Often a Google Places search will return multiple results. In this
instance add_google_places
function will perform a string similarity
comparison on the location name and address between the values you
provide and the values returned from Google. If you supply latitude and
longitude fields then add_google_places
will factor a geographic
distance into this calculation too.
library(dplyr)
#>
#> Attaching package: 'dplyr'
#> The following objects are masked from 'package:stats':
#>
#> filter, lag
#> The following objects are masked from 'package:base':
#>
#> intersect, setdiff, setequal, union
library(magrittr)
library(furrr)
#> Loading required package: future
library(purrr)
#>
#> Attaching package: 'purrr'
#> The following object is masked from 'package:magrittr':
#>
#> set_names
library(tidygoogleway)
# The macdonalds dataframe contains the name and address of 11 McDonalds locations in Los Angeles
mcdonalds %>% head(5)
#> # A tibble: 5 x 2
#> name address
#> <chr> <chr>
#> 1 McDonalds 2809 N Lincoln Blvd Santa Monica, CA 90405
#> 2 McDonalds 4680 Lincoln Blvd, Los Angeles, CA 90292
#> 3 McDonalds 2457 Lincoln Blvd, Venice, CA 90291
#> 4 McDonalds 1540 2nd Ave, Santa Monica, CA 90405
#> 5 McDonalds 2902 West Pico Blvd, Santa Monica, CA 90405
# Now add Google Places data to our dataframe
enriched <- mcdonalds %>% add_google_places(name, address, radar = F)

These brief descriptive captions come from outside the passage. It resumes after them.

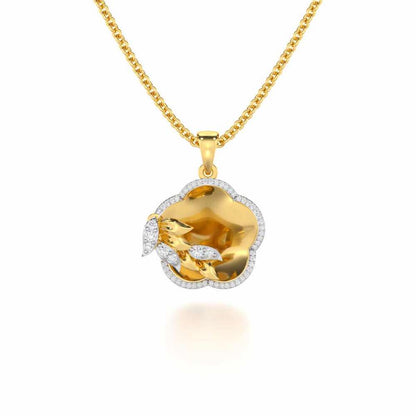 Incandescent Charm Silver Pendant - Yellow Gold - Image 1
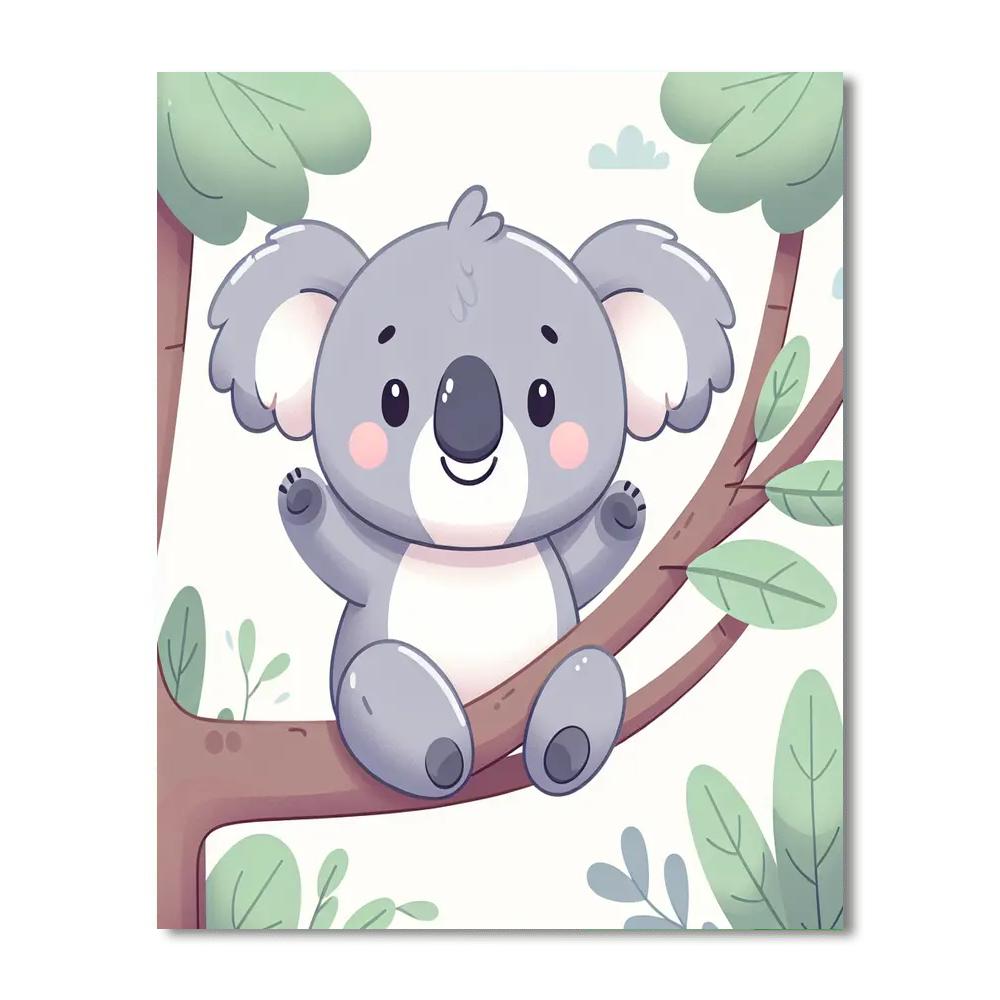 Cuddly Koala Hangout Painting By Numbers Kit
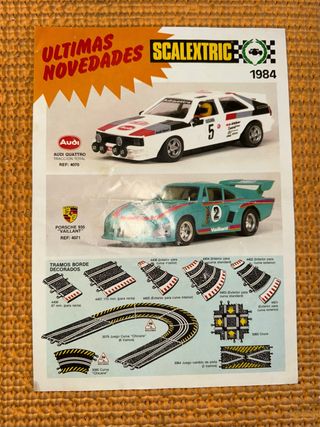 Scalextric Novedades 1984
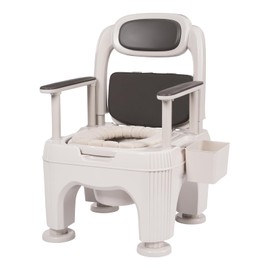 Bedside Commode, Portable Toilet for Adults, Height Adjustable Safety Commode Toilet for Elderly and Disabled, Commode Chair, 661lbs Heavy Duty Adult Potty Chair with Armrests and Tissue Box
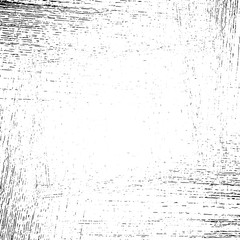 Border scratches grunge texture, black on white background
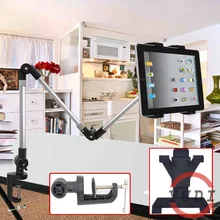 4 12 inch Flexible Adjustable Tablet Mount Stand Holder for tablet pc and cellphone holder aluminum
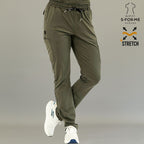 Women’s 930 Olive Green Super Stretch jogger scrub pants front view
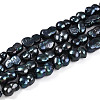 Natural Nucleated Baroque Keshi Pearl Beads Strands PEAR-S020-F13-01-2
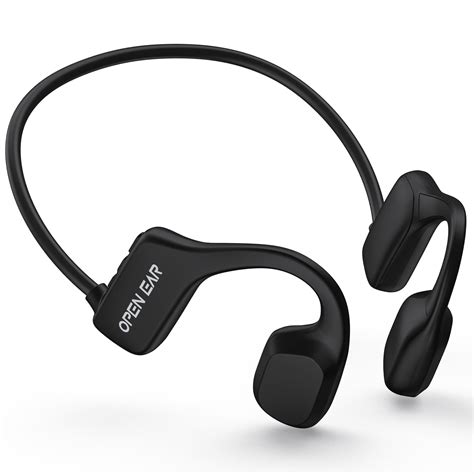 TOPVISION Open Ear Bone Conduction Headphones, Wireless Bluetooth Headset with Built-in ...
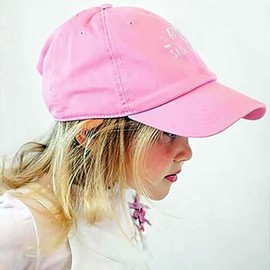 Funshow Big Sister Baseball Cap Vintage Embroidered Hat for Girls Kids Pink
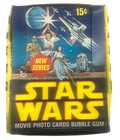 Vintage 1977 Topps Star Wars Series 2 Empty Display Card Box No Cards   Wrappers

#> The radar argument is now deprecated
#> The radar argument is now deprecated
#> The radar argument is now deprecated
#> The radar argument is now deprecated
#> The radar argument is now deprecated
#> The radar argument is now deprecated
#> The radar argument is now deprecated
#> The radar argument is now deprecated
#> The radar argument is now deprecated
#> The radar argument is now deprecated
#> The radar argument is now deprecated
enriched %>% select(name, address, google_place_id, google_rating)
#> # A tibble: 11 x 4
#> name address google_place_id google_rating
#> <chr> <chr> <chr> <dbl>
#> 1 McDonal… 2809 N Lincoln Blvd Santa … ChIJG1-i-tm6woARShGW… 3.6
#> 2 McDonal… 4680 Lincoln Blvd, Los Ang… ChIJsWoNelHBwoARe6bL… 3.6
#> 3 McDonal… 2457 Lincoln Blvd, Venice,… ChIJo_SkgY26woARR0FJ… 3.5
#> 4 McDonal… 1540 2nd Ave, Santa Monica… ChIJIzmJms-kwoARsrO3… 3.6
#> 5 McDonal… 2902 West Pico Blvd, Santa… ChIJlaqRZhe7woARwM2i… 3.5
#> 6 McDonal… 2712 Santa Monica Blvd, Sa… ChIJEc3LTka7woARUaiX… 3.5
#> 7 McDonal… 11300 National Blvd, Los A… ChIJM7ZVgq67woARCeiE… 3.7
#> 8 McDonal… 10623 Venice Blvd, Los Ang… ChIJZ295STC6woARhE1O… 3.5
#> 9 McDonal… 3571 Rosecrans Ave, Hawtho… ChIJL_usBci1woARxjKJ… 3.8
#> 10 McDonal… 15810 Crenshaw Blvd, Garde… ChIJgzc3DaG1woARezwC… 3.9
#> 11 McDonal… 101 W Manchester Ave, Los … ChIJMb-tCr_JwoARwjL-… 3.6
By default, only the best matching location will be returned (so the
number of rows in will be the same as the number of rows out). If you
wish to override this behaviour and return multiple results use
.keep_all = T
.
Note that if you use the default .keep_all = T
you may end up with
more rows than you started with. These can be filtered using the
mean_distance
column (geometric mean of geo-distance and string
distance) or google_result_number
(ordering of results from Google
Places API).
Often for these kinds of use cases you are iterating over a large number
of locations. To speed this process up (and provide progress visibility)
add_google_places
utilizes the furrr
library.
N.B. In order to make use of the parallel processing capabilities you
must set plan(multiprocess)
prior to running the add_google_places
command. This syntax should work on Windows and Mac.